Ho conosciuto personalmente un influencer: un ragazzo di poco più di vent'anni, molto carino e simpatico, che per il momento arrotonda lo stipendio che riceve lavorando nello studio professionale dei genitori, ricevendo somme di denaro, capi di abbigliamento e complementi diversi in cambio di una forma di pubblicità non tradizionale: quella legata alla promozione di marchi e prodotti tramite il passaparola generato tramite i social network. Sostanzialmente, da quanto ho capito, lui indossa i capi che gli vengono regalati, si fa fotografare da un professionista suo amico, pubblica le foto su Istagram e su altri social network, per poi aggiungere informazioni e commenti (ovviamente positivi) su ciò che indossa, con l'effetto di indurre all'acquisto i suoi seguaci o followers. Non fa esattamente il modello: i modelli non commentano i capi che indossano, non legano il proprio nome a quel marchio. A parte casi molto particolari (soprattutto sul fronte temminile) chi sfila fa "il manico di scopa", nel senso che indossa il capo per valorizzarlo, ma non porta con sé la propria personalità o quello che ritiene che sia la propria personalità, più o meno artefatta o autentica.
Fatto sta che all'influencer marketing ha dedicato una voce persino Wikipedia: segno che dell'argomento si comincia davvero a parlare. E ovviamente sono molto curiosa di un fenomeno del genere, che a me ricorda la serissima teoria dei connettori fatta conoscere da un sociologo del calibro di Malcom Gladwell nel suo intramontabile saggio Il punto critico: i connettori – ed eravamo molto prima di internet, beninteso – sono quelle persone speciali che vivono in più reti di relazione, e che proprio per questo sono in grado di creare contatti diretti tra persone che non si conoscono e che possono entrare in relazione tra loro grazie, appunto, all'influenza del "connettore". Il connettore è colui che cambia auto, e da lì a poco i suoi amici fanno lo stesso; trascina verso comportamenti a cui conferisce valore, induce il successo di una moda o l'affermazione di una tendenza.
L'influencer è qualcosa di simile, ma forse in un ambito più superficiale e più estemporaneo.
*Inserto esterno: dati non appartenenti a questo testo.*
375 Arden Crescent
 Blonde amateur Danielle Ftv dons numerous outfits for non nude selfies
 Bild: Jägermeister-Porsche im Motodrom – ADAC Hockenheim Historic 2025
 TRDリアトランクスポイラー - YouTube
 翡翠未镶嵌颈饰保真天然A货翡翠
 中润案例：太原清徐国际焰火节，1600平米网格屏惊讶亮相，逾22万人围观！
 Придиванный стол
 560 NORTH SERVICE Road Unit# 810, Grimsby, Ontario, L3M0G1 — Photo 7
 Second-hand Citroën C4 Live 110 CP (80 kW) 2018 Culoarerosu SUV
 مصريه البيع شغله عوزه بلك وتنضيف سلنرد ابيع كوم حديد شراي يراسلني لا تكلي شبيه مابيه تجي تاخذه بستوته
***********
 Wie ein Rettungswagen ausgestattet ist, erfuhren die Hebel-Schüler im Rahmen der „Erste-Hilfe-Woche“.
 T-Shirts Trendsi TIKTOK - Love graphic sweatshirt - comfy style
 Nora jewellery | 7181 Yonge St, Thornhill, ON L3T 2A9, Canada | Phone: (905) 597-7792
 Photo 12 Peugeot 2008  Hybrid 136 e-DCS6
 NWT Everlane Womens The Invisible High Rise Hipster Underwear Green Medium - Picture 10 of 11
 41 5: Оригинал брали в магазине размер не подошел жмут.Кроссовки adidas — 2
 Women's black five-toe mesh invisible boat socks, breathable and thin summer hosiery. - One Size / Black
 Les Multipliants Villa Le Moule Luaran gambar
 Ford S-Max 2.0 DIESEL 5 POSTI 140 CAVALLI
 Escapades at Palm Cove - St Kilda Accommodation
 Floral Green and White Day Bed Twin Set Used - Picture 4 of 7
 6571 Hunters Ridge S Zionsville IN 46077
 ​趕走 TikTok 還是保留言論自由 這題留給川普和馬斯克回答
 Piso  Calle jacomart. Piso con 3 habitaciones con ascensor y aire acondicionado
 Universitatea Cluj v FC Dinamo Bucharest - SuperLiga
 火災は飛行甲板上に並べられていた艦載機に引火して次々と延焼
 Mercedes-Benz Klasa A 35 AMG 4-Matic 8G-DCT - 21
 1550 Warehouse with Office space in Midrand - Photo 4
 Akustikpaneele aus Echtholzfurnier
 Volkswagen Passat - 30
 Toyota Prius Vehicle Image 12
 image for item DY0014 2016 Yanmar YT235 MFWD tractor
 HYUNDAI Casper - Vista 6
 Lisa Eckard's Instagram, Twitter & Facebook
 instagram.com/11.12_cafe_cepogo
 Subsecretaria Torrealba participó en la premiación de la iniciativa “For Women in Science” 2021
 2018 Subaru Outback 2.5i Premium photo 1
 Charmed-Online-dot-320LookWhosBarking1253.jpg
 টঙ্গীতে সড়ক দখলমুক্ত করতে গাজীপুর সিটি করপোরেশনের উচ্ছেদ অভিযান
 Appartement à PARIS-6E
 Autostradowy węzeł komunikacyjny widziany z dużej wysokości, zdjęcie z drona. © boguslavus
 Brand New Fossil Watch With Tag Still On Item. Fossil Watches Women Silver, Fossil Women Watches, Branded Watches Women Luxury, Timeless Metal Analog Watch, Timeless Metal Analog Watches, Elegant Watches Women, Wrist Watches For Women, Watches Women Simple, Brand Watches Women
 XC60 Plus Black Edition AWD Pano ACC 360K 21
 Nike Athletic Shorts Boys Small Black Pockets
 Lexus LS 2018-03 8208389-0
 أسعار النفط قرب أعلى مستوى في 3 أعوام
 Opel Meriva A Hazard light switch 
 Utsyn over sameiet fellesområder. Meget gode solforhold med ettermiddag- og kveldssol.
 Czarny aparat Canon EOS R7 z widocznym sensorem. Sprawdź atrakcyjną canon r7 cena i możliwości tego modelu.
Di questo fenomeno ne dice davvero peste e corna Domenico Naso dalle pagine on line de Il fatto quotidiano, in un contributo esilarante, nel quale gli influencer vengono giudicati cialtroni di dimensioni cosmiche, ragazzi ignoranti e spocchiosi che si credono di essere qualcuno e invece vivono a scrocco, finché possono, pensando di essersi costruiti una carriera, mentre invece saranno spazzati via dal primo vento che ripulirà l'aria intorno:
"È una bolla, quella degli influencer, che speriamo scoppi presto. Probabilmente, scoppiando diffonderà nell’aere tanta glitterata vacuità e così tanta boria da far sembrare persino Sgarbi una persona umile. Urge bagno di umiltà per influencer e wannabe, uno schiaffone virtuale tra capo e collo che faccia loro capire che no, non ce l’hanno un mestiere. Che era solo una grande illusione, una devianza forse inevitabile dell’epoca del web. Che quello che resterà loro in mano sarà solo un paio di sneakers alla moda e qualche biglietto gratis per andare al cinema."
Di diverso avviso Stefania Medetti, che su Panorama scrive un bell'articolo sui social influencer sottolineando la novità rappresentata da questa modalità di promozione di beni e prodotti tramite la rete. Quello che è certo che i modi di fare pubblicità si stanno adeguando ai tempi che cambiano: un tempo si spendevano 50.000 euro per un paginone sul Corriere della Sera per pubblicizzare una nuova giacca. Ora probabilmente si pagano con la stessa cifra 1000 persone disponibili a dire sui social che quella giacca è veramente bella e sta d'incanto. La glitterata vacuità è rimasta la stessa, forse si è distribuita di più ed è diventata alla portata di tutti.
Mi piacerà stare dietro a questo fenomeno: tenerlo sott'occhio e provare a capirne le traiettorie. Annusare l'aria è un compito fondamentale per chi vuole innovare.